* PROBLEM STATEMENT: The stretch from the line with "Друзья, большое спасибо" through the line with "This one is a" in the records below: write it out exactly, and nothing else.

Saved entries:

=== Section Start ===

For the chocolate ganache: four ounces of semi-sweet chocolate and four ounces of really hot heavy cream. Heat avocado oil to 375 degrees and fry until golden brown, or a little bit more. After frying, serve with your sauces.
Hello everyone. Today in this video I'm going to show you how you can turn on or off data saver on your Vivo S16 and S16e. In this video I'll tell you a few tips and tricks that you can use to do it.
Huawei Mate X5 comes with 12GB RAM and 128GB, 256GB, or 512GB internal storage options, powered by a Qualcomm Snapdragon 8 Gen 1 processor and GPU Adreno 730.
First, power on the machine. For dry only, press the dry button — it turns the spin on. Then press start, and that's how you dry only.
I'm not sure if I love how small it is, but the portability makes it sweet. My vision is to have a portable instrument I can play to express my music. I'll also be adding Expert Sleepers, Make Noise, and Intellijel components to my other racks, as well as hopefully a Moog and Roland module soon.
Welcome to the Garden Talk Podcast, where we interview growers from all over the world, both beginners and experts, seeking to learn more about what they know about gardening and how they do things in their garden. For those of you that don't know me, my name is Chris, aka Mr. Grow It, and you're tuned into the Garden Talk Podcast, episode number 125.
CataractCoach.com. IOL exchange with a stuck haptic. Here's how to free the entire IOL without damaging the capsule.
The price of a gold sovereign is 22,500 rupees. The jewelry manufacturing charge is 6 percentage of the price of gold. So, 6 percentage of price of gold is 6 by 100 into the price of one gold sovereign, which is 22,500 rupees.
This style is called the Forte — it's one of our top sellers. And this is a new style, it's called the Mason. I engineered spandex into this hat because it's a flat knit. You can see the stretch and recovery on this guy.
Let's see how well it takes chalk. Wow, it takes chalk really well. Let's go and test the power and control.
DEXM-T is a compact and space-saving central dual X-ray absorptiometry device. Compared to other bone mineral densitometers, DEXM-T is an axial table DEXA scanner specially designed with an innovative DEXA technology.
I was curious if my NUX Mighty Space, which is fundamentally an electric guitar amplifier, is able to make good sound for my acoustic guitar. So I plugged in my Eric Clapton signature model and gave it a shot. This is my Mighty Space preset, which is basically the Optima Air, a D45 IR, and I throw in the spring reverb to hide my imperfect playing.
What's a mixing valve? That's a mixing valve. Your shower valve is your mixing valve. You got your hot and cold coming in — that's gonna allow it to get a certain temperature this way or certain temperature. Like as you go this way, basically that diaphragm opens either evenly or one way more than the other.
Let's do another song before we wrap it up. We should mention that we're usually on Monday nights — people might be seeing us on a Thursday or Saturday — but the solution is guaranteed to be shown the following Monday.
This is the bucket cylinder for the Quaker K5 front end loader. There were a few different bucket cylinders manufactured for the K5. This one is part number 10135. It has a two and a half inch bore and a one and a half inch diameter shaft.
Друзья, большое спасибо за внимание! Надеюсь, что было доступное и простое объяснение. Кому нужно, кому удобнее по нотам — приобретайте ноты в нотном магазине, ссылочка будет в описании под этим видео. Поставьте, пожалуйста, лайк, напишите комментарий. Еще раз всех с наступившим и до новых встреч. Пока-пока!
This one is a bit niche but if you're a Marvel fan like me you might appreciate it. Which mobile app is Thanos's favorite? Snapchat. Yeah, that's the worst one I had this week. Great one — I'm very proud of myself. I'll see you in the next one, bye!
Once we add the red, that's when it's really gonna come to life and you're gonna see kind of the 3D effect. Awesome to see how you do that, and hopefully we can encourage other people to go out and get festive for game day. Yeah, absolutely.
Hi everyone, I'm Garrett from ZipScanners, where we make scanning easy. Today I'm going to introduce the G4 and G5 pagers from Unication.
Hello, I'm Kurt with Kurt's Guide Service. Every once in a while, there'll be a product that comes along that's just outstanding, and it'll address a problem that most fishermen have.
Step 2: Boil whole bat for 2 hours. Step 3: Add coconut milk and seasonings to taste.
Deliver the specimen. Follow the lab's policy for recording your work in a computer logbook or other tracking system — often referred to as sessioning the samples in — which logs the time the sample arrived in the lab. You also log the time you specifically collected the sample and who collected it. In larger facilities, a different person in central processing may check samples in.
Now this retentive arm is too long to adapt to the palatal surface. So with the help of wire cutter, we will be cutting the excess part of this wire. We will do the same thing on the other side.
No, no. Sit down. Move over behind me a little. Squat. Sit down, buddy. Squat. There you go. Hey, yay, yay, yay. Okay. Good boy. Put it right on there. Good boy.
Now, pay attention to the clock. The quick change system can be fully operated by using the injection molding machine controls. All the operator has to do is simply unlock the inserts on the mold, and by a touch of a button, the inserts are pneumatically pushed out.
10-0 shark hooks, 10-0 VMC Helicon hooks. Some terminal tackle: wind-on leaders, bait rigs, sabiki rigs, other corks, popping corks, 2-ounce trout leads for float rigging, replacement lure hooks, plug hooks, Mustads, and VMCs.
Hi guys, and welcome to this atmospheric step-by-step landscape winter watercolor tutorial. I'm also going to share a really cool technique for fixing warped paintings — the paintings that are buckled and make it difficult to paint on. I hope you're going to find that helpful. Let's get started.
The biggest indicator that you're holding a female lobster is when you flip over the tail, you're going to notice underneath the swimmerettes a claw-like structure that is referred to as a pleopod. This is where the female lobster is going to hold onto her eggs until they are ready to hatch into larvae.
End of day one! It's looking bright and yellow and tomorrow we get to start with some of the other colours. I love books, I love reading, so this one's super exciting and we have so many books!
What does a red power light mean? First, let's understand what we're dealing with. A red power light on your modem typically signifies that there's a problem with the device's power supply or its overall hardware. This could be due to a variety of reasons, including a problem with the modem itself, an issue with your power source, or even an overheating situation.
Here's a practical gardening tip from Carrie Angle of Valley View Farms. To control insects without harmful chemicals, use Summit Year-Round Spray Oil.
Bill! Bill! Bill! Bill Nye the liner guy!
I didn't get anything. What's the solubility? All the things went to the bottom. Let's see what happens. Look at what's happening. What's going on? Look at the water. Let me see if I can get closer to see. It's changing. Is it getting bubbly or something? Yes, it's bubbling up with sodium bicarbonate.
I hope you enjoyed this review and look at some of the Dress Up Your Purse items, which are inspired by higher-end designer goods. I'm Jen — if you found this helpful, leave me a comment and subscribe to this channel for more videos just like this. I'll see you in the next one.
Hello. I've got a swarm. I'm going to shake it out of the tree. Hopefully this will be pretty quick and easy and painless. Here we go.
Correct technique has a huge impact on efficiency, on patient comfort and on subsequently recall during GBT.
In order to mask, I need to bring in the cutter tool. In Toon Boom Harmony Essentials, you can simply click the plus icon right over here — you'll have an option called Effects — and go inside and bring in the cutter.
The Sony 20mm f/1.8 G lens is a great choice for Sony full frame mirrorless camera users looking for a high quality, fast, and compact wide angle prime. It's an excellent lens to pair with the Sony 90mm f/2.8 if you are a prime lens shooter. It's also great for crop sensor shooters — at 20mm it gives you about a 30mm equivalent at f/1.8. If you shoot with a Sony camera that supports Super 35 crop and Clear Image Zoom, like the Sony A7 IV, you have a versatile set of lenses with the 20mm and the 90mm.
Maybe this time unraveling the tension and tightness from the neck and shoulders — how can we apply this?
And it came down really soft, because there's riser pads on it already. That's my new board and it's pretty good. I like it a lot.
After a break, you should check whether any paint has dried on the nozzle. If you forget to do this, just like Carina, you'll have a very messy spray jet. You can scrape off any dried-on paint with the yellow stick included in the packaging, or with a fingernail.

=== Section End ===

* TASK SOLUTION:
Друзья, большое спасибо за внимание! Надеюсь, что было доступное и простое объяснение. Кому нужно, кому удобнее по нотам — приобретайте ноты в нотном магазине, ссылочка будет в описании под этим видео. Поставьте, пожалуйста, лайк, напишите комментарий. Еще раз всех с наступившим и до новых встреч. Пока-пока!
This one is a bit niche but if you're a Marvel fan like me you might appreciate it. Which mobile app is Thanos's favorite? Snapchat. Yeah, that's the worst one I had this week. Great one — I'm very proud of myself. I'll see you in the next one, bye!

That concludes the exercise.